Making the choice to be a creative professional, regardless of the actual field you pursue, is not an easy one. This can be difficult for the traditional professionals to understand, and there’s still a stigma against people who give up or never pursue a “real” job in order to take the time to hone their craft and create things. This stigma is held in spite of the deep appreciation these same people often hold for famous actors, filmmakers, and writers. Any person pursuing creative success is simply delusional until they aren’t. In part, our awareness of our potential lifelong delusion contributes to the difficulty of committing to the creative career in the first place.If you’ve decided to commit anyway, to rise above the naysayers both inside your head and out, congratulations! You’ve heard the Call to Adventure, the first step to leaving behind the Ordinary World and embarking on your personal creative journey.

The Refusal of the Call

Facing-the-Woods

The next step, as Joseph Campbell fans will recognize, is the Refusal of the Call. It’s unbelievably easy to stop here and never embark, and you’ll have plenty of support in doing so. There will always be reasons you can’t start: you’re not talented enough, not enough people know or care about your work, hardly anyone makes it anyway, you’ll never make money and you’ll die alone and emaciated in a cardboard box under a third-rate overpass, and so on. It doesn’t help that many, if not all, of us were never given the tools to fight the reasons for the refusal. Our public schools focus on navigating us through a system of test-taking and exam scores in order to follow the established path of school-college-job-retirement-death. Art programs, such as they are, tend to be the first things cut when budgets get tight.

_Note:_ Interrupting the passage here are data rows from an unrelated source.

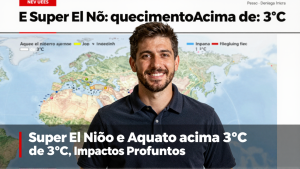 Super El Niño e Aquecimento acima de 3°C: Impactos Profundos na Saúde da População Brasileira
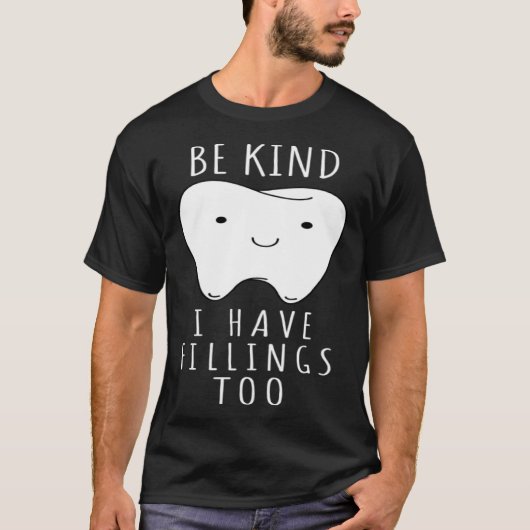 Be Kind I Have Fillings Too  For Dentists T-shirt (Voorkant)
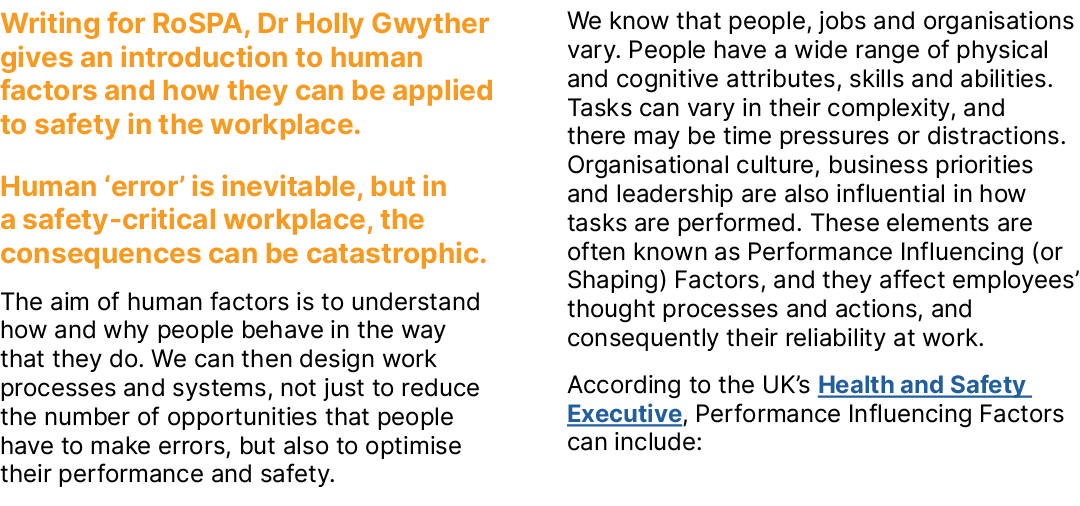 Writing for RoSPA, Dr Holly Gwyther gives an introduction to human factors and how they can be applied to safety in t...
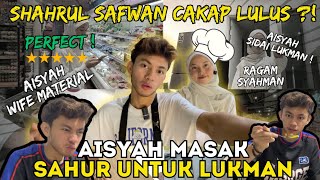 AISYAH MASAK SAHUR UNTUK LUKMANSAFWAN SHAHRUL CAKAP LULUS [upl. by Goldston]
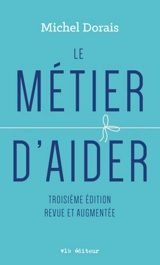 Le métier d'aider - Michel Dorais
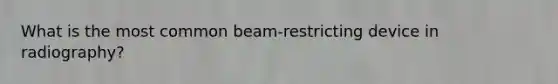 What is the most common beam-restricting device in radiography?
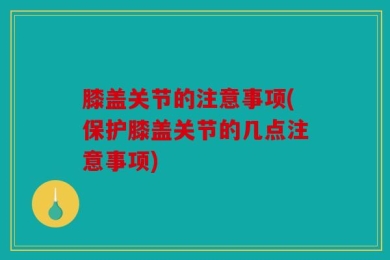膝盖关节的注意事项(保护膝盖关节的几点注意事项)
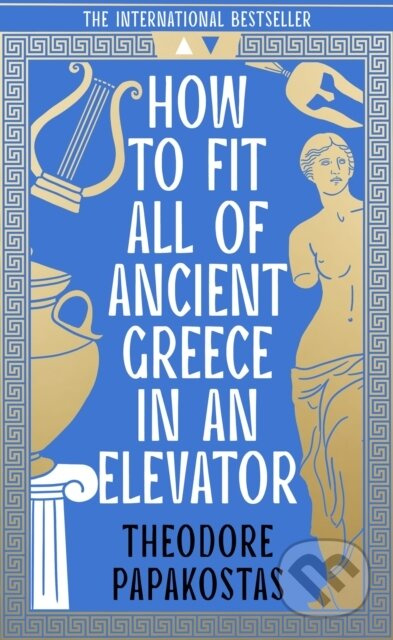 How to Fit All of Ancient Greece in an Elevator - Theodore Papakostas - kniha z kategorie Mýty, pověsti a legendy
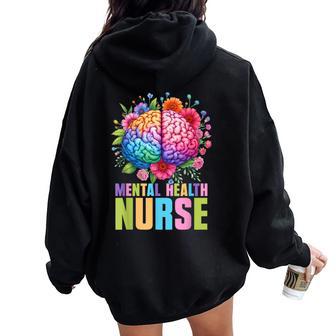 Mental Health Nurse Psychiatry Nursing Psychiatric Nurse Women Oversized Hoodie Back Print - Thegiftio UK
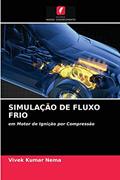 Ler SIMULAÇÃO DE FLUXO FRIO: em Motor de Ignição por Compressão, do autor Vivek Kumar Nema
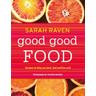 Good Good Food - Sarah Raven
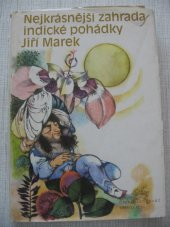 kniha Nejkrásnější zahrada indické pohádky, Československý spisovatel 1979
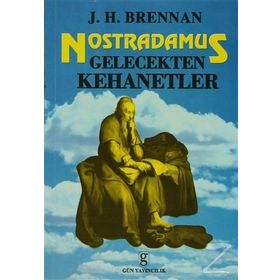 NOSTRADAMUS - GELECEKTEN KEHANETLER - J. H. BRENNAN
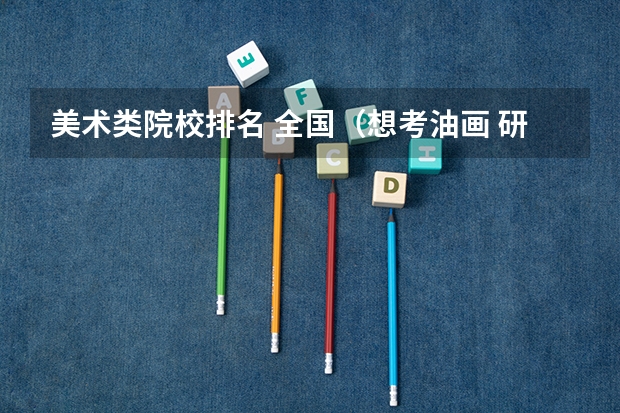 美术类院校排名 全国（想考油画 研究生）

Even if you pursue a degree in the arts, from what I’ve gathered through personal experience and online commiseration among artists across all creative fields, you still don’t learn many practical skills necessary to a career. My art courses taught me plenty about painting my feelings and cleaning my brushes, but nothing about appropriate ways to contact a gallery or how to ship a painting.

The odds are stacked against you, the stakes are high, and the Other World of the creative career is dark and mysterious and maybe full of monsters. There is no shame in turning back. Only a madman would continue willingly.

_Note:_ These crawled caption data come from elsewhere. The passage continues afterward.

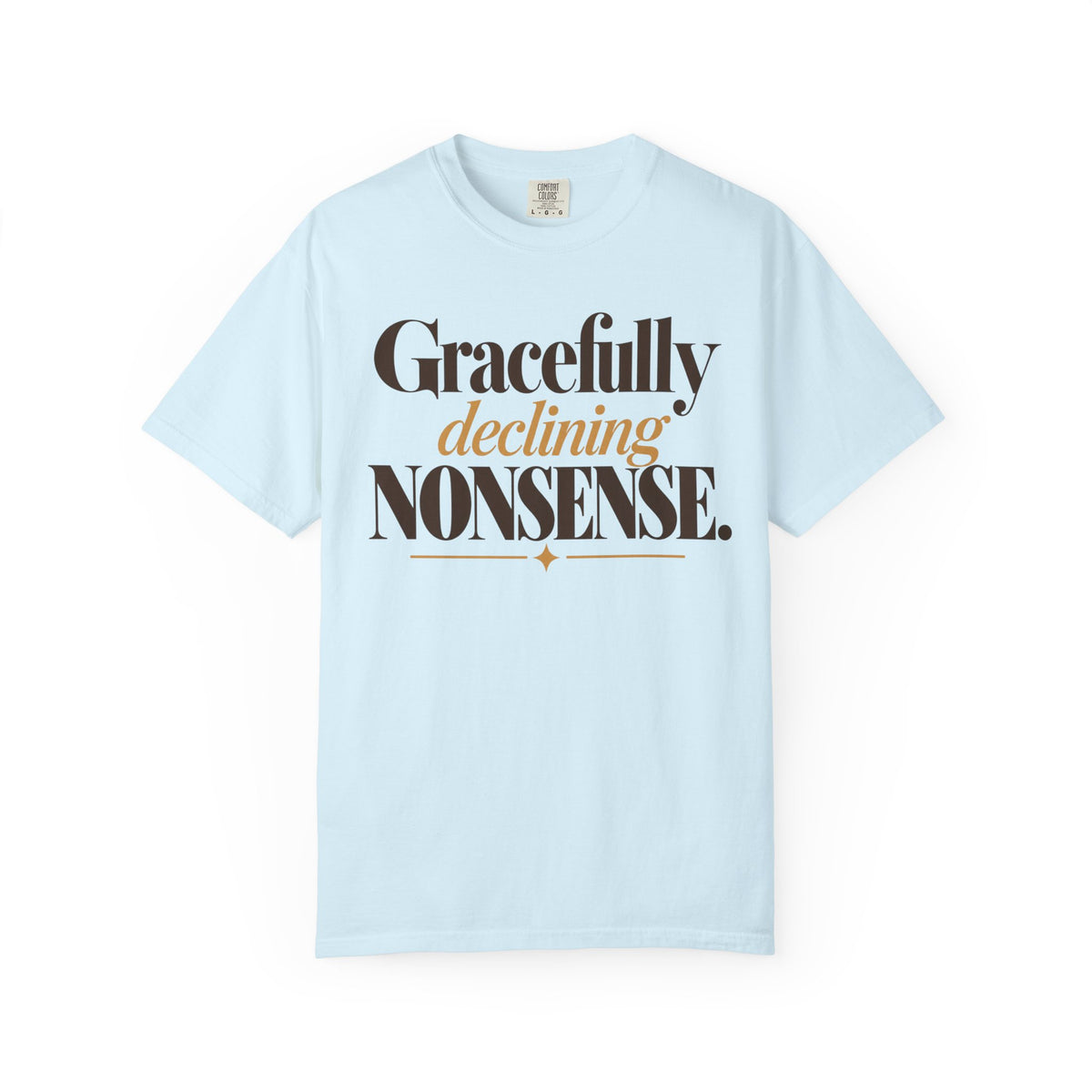 Gracefully declining nonsense T-shirt
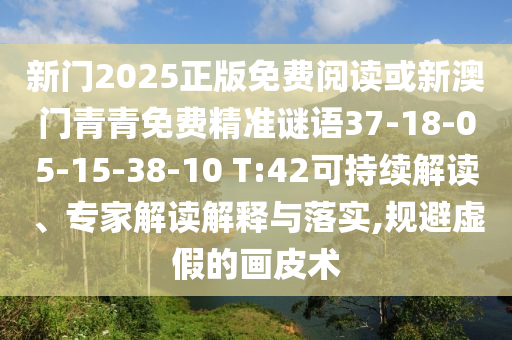 新門2025正版免費閱讀或新澳門青青免費精準(zhǔn)謎語37-18-05-15-38-10 T:42可持續(xù)解讀、專家解讀解釋與落實,規(guī)避虛假的畫皮術(shù)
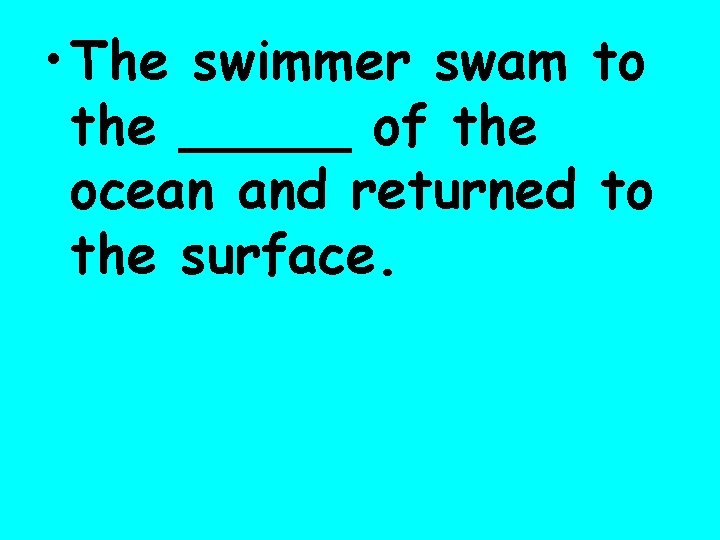  • The swimmer swam to the _____ of the ocean and returned to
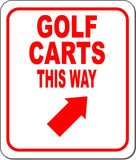 GOLF CARTS THIS WAY RED 8 Arrow Variations Metal Aluminum composite sign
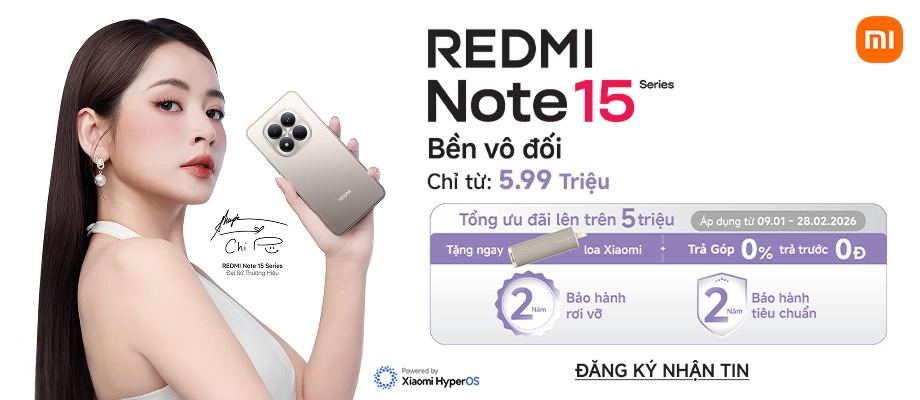 REDMI NOTE 15 SERIES  Đăng ký nhận tin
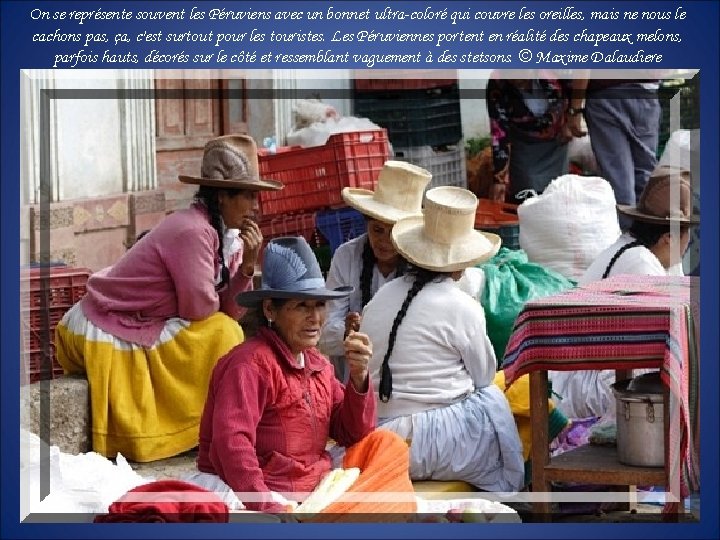 On se représente souvent les Péruviens avec un bonnet ultra-coloré qui couvre les oreilles, On se représente souvent les Péruviens avec un bonnet ultra-coloré qui couvre les oreilles,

But, if you are such a madman, the key to moving past the Refusal of the Call is not to plan or study or gather all the information available. It’s not taking classes or writing to-do lists or organizing your files. It’s simply to do something, something you can repeat until it becomes habit. The rest of it- the plans, the website building, the personal branding, the classes- is simply packing your bags. That’s not where the journey starts.

Accepting the Call

My “Do Something” is the Storytime Sundays, a plan I’d sequestered in the back of my mind for nearly a year before actually committing to action. Even though I’d accomplished some one-off successes (sold a painting, sold a story, wrote the first draft of a novel), those aren’t the key to really starting a creative career. A career is not built on a series of unrelated successes but on solid habits, and those are what I needed to start building.I started Storytime Sunday as a personal challenge, hoping to prove to myself that I could stick to a long term project with deadlines that no one but myself would enforce. The illustration addition was an afterthought; I had not intended to include it as part of the challenge past the first iteration, but then I realized it was vital to start teaching my drawing to play nicely with my writing if I ever wanted to pursue careers simultaneously in both. If I were to someday be hired for a full-time art position, I certainly could not afford to have “just writing” months, or vice versa.I’ve been writing and illustrating a story every week for six weeks now. This is on top of a full-time job, other illustrations, a working novel draft, and two longer stories that I need to finish by the 15th (not to mention social activities and the occasional adulthood responsibilities… looking at you, Laundry my old foe). It’s been challenging, and there are times when I want to quit or skip a week, but ultimately it’s been rewarding enough to make up for the lost sleep. I get to put in regular practice (perhaps even more than I could in school) on both the art and the writing, and I get to focus on a particular problem in each piece (”Hey, let’s play with dialog in this story!” “Ooh, so that’s what the back of feet really look like”). Most importantly, I have to learn to let go of the perfectionism that freezes me up on so many pieces in order to hit that deadline. It’s gotten easier every week.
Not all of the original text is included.